─── STUDY MATERIAL ───
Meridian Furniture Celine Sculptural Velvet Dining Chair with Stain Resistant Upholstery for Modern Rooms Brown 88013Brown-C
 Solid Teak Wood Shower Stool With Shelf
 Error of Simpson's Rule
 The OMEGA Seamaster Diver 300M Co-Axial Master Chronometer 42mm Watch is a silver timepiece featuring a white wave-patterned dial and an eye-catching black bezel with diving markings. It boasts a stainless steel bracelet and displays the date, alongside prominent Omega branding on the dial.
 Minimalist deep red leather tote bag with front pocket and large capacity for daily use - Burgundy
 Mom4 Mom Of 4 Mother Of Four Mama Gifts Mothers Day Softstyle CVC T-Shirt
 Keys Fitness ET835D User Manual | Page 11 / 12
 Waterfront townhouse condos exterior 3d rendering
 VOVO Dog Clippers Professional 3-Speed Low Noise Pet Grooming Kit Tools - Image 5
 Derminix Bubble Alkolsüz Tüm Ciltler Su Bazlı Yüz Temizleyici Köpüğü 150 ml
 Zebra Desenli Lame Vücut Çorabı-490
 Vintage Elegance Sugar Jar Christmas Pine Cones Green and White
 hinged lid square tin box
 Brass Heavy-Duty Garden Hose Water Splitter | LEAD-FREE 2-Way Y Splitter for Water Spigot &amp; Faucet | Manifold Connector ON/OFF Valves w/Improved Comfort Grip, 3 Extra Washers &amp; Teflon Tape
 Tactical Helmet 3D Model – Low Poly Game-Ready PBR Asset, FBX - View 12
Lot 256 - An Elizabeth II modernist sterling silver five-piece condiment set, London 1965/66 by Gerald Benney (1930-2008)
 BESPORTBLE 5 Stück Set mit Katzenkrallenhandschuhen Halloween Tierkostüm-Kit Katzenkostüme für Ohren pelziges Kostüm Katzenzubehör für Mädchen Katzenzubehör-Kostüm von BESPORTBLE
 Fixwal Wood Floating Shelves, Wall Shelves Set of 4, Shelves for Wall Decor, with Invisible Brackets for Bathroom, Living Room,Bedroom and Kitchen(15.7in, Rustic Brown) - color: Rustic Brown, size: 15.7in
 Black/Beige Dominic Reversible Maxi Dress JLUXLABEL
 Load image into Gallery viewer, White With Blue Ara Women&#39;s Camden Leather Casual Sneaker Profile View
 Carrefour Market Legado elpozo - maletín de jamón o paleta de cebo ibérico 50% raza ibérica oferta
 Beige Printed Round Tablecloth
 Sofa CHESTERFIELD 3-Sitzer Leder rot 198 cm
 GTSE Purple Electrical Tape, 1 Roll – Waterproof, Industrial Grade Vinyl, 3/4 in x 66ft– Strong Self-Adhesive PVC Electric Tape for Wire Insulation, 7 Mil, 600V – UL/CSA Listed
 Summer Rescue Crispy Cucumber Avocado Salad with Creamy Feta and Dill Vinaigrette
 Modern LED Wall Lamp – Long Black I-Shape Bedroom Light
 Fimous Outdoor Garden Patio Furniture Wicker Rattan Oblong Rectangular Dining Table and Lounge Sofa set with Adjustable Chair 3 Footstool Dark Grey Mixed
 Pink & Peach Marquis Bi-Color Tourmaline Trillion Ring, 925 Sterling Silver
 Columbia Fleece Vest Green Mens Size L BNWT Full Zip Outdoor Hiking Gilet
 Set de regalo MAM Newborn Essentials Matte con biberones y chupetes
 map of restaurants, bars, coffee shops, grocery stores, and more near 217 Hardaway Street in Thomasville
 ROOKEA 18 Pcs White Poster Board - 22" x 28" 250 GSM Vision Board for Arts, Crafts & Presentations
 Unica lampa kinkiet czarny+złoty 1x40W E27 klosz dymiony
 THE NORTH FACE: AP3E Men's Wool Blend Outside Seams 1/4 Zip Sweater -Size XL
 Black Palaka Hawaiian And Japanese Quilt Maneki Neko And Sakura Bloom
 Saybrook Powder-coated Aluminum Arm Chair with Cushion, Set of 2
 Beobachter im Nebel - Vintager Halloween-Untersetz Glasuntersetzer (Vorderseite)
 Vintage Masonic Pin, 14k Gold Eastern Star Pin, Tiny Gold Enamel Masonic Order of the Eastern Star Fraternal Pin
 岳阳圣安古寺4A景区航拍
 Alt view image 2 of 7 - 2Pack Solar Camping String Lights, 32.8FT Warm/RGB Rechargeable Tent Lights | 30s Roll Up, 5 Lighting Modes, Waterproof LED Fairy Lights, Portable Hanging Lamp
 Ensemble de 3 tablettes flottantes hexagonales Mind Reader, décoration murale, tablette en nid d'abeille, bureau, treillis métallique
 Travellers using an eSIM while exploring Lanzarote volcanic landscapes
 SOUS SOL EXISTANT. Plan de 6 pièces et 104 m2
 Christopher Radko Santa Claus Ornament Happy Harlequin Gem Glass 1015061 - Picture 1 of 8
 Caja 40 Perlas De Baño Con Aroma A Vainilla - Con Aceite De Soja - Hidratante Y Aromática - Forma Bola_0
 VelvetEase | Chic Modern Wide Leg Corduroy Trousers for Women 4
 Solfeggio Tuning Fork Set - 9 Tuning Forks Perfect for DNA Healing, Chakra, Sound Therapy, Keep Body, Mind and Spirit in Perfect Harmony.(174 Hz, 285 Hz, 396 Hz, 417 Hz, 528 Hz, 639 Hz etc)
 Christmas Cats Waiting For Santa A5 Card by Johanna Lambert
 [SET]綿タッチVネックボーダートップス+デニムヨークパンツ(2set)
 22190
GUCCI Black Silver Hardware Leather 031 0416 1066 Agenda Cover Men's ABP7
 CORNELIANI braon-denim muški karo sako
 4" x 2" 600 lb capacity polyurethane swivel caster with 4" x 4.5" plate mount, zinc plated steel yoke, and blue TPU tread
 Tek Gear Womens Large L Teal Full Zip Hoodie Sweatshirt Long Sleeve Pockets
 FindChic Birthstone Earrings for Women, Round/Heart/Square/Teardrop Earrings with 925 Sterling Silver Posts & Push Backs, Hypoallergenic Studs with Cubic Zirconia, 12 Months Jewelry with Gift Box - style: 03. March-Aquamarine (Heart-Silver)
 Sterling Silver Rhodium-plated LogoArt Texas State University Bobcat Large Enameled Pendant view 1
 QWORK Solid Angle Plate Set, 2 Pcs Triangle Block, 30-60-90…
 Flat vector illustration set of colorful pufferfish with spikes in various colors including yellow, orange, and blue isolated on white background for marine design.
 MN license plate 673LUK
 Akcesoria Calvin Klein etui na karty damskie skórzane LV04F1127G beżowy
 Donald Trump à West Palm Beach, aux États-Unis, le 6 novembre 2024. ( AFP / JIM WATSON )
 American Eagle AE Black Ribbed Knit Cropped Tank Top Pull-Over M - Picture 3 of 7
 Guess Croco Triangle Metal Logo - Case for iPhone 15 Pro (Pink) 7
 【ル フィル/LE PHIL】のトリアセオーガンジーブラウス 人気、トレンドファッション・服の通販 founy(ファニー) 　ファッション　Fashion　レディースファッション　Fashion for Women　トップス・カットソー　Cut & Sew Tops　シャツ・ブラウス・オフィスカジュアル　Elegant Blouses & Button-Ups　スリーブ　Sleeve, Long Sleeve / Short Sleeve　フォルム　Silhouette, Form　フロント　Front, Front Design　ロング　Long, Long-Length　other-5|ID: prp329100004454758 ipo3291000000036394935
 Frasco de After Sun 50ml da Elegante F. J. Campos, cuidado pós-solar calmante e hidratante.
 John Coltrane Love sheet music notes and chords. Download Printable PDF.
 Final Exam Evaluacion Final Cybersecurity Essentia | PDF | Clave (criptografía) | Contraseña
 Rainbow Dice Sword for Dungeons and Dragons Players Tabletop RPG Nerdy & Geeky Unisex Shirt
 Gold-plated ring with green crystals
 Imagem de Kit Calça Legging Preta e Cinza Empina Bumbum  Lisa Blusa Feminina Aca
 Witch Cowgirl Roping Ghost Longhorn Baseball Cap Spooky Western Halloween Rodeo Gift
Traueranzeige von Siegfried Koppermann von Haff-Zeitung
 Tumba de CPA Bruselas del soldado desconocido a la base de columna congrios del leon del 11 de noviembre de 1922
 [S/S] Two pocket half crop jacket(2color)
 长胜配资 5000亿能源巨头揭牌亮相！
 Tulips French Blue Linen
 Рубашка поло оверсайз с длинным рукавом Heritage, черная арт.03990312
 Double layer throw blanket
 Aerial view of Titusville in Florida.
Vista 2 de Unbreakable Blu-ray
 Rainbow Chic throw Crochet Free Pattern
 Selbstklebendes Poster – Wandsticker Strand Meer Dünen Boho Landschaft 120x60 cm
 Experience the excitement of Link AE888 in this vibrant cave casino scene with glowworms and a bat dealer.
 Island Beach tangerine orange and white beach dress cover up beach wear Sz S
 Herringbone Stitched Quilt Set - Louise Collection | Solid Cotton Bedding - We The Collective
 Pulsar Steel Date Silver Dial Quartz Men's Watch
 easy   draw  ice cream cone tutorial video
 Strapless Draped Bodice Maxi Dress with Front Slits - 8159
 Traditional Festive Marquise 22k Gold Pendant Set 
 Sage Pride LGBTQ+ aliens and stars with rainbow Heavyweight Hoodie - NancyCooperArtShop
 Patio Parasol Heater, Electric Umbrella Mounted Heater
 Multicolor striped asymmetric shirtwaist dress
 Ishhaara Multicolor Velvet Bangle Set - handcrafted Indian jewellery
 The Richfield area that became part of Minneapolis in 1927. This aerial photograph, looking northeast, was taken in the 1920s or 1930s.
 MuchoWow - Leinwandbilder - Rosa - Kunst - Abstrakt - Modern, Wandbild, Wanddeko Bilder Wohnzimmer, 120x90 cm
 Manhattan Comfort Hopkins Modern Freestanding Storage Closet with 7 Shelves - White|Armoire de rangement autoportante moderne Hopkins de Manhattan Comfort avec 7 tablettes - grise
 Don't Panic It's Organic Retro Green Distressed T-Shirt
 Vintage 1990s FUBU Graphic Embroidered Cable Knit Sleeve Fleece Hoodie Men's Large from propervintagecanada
───
— DESCRIPTION OF THE TASK —
Once you find the line with "Pulsar Steel Date" above, print it and every line after it up to and including the line with "Traditional Festive Marquise", exactly as written and nothing else.

— ANSWER SPACE —
 Pulsar Steel Date Silver Dial Quartz Men's Watch
 easy   draw  ice cream cone tutorial video
 Strapless Draped Bodice Maxi Dress with Front Slits - 8159
 Traditional Festive Marquise 22k Gold Pendant Set 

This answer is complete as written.